Oleh : Ustaz Muafa (Mokhamad Rohma Rozikin/M.R.Rozikin)
“Nukat” itu sangat mirip dengan “hasyiyah”. Tidak heran jika ada ulama yang mensinonimkan antara “hasyiyah” dengan “nukat”. Jadi, siapapun yang telah memahami dengan baik perbedaan antara syarah dengan “hasyiyah”, maka insya Allah dia telah memahami secara umum perbedaan antara syarah dengan “nukat”. Silakan dibaca catatan saya sebelumnya yang berjudul “Apa Bedanya “Syarah” dengan “Hasyiyah”?”.
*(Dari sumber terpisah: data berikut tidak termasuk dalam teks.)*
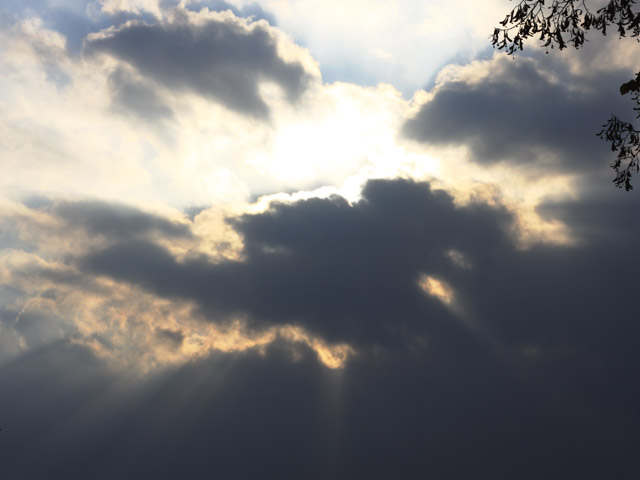 Sun rays|Canon 40D, EF50mm f/1.8 II, 1/160s, f22, ISO 100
Hanya saja memang ada sedikit karakteristik khas “nukat” yang perlu diperinci yang akan membedakannya dengan hasyiyah dan syarah. Berikut ini penjelasannya.
“Nukat” (النكت) adalah jamak dari “nuktah” (النكتة). Di antara makna “nuktah” adalah “al-mas-alah ad-daqiqoh” (persoalan halus/pelik). Lalu, dari makna ini kemudian dipakai untuk makna istilah dalam dunia karya tulis orang-orang Arab sehingga bermakna, “Pemikiran-pemikiran halus dan pelik yang dituliskan setelah melalui proses kajian yang mendalam, renungan yang serius dan penelitian yang teliti”. Aktivitas menulis “nukat” disebut “tankit” (التنكيت). Al-Jurjani berkata,
“Nuktah adalah pemikiran pelik yang dimunculkan melalui proses berfikir yang jeli/teliti dan serius. Kata “nuktah” berasal dari kalimat “nakata rumhahu bi ardhin” (dia mencocok-cocokkan tombaknya pada tanah) dengan makna “dia membuat jejak pada tanah”. Pemikiran yang halus/teliti dinamakan “nuktah” karena ada pengaruh lintasan fikiran pada saat menyimpulkannya” (At-Ta’rifat hlm 316)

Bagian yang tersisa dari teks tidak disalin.